■ **WHAT TO WORK ON**:
Your answer must be the line containing "ルイ・ヴィトン エンブロイダリー　タートルネック　刺繍" and each following line to the end of the listing below, copied exactly, with pictures removed and nothing added.

■ **GIVEN INFORMATION**:
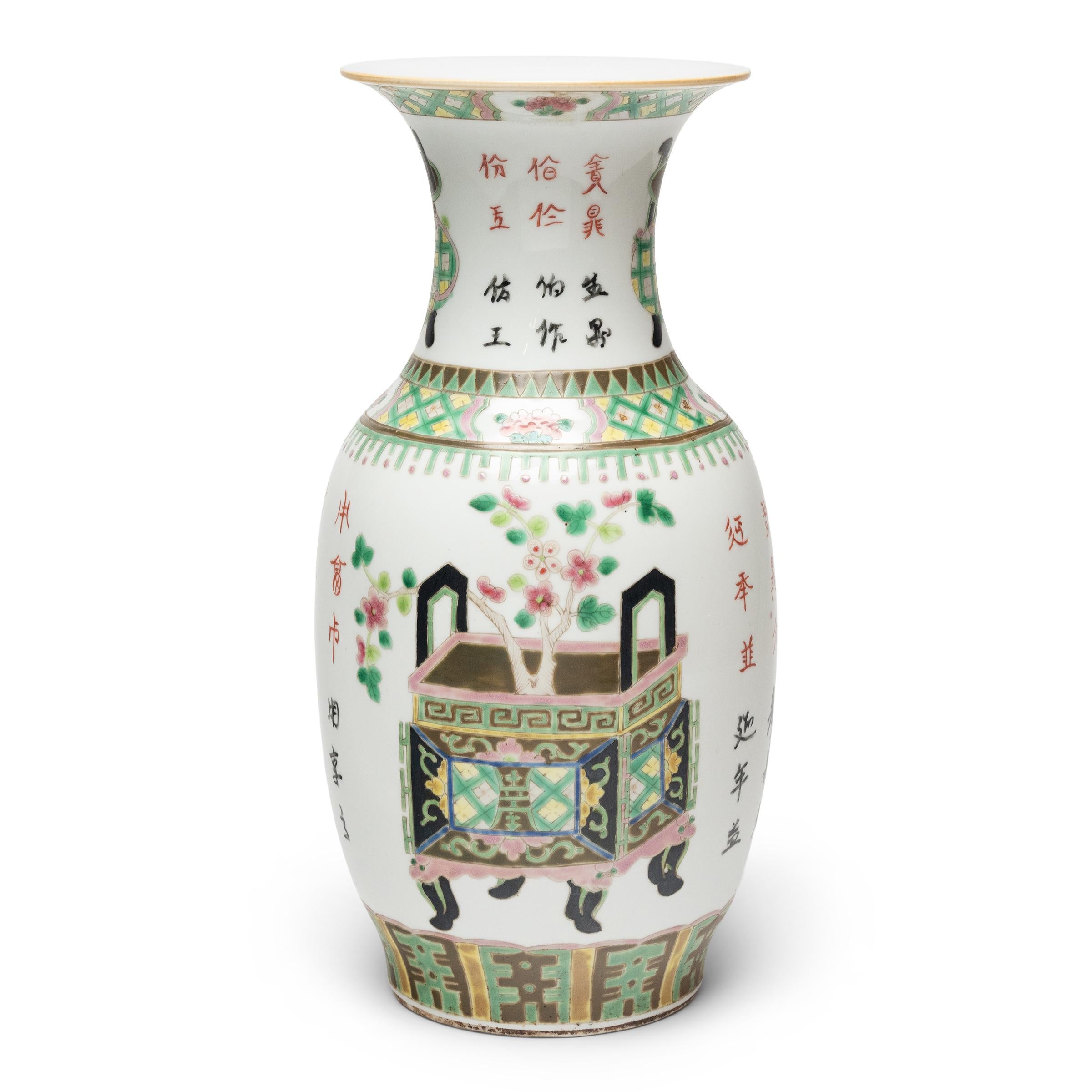 Paire de vases chinois Famille Verte avec encensoirs anciens, vers 1900 Bon état - En vente à Chicago, IL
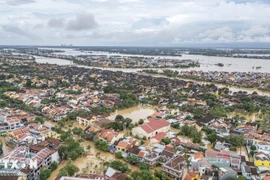 Phố cổ Hội An bị ngập sâu trong nước lũ. (Ảnh: Anh Dũng/TTXVN)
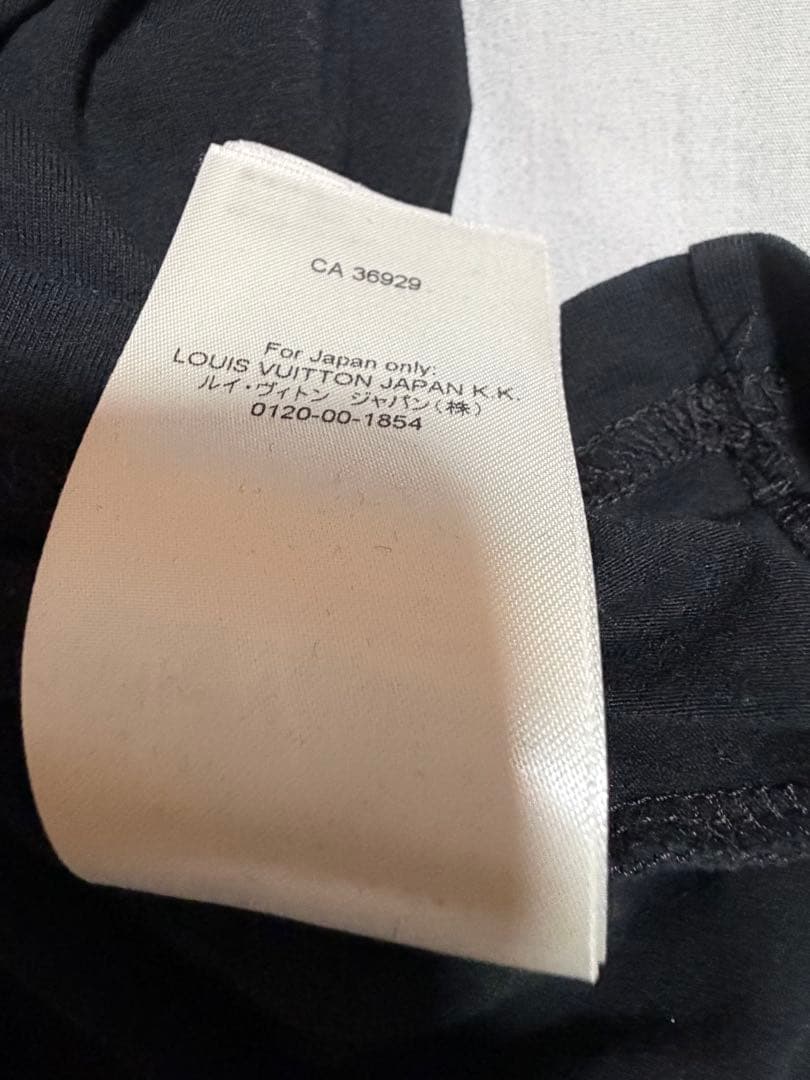 ルイ・ヴィトン エンブロイダリー　タートルネック　刺繍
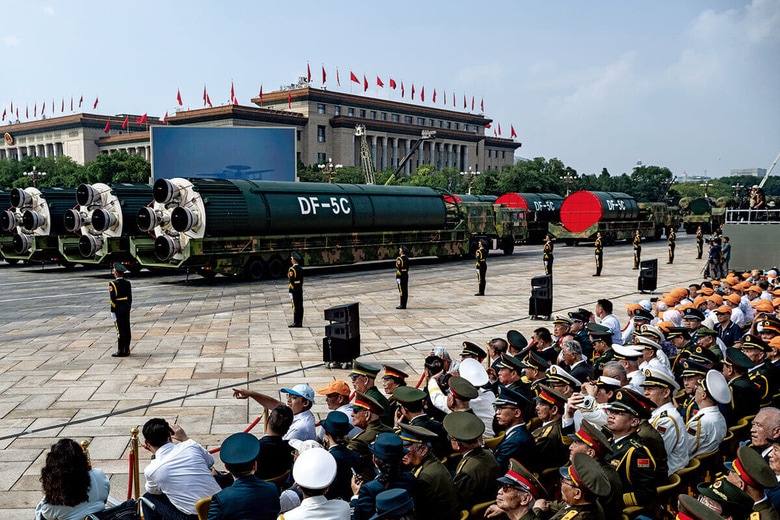中国の陸海空のトライアドを公開した25年9月の軍事パレードには新型ICBM東風5Cも登場　KEVIN FRAYER/GETTY IMAGES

■ **ANSWER TO THIS TASK**:
 ルイ・ヴィトン エンブロイダリー　タートルネック　刺繍
中国の陸海空のトライアドを公開した25年9月の軍事パレードには新型ICBM東風5Cも登場　KEVIN FRAYER/GETTY IMAGES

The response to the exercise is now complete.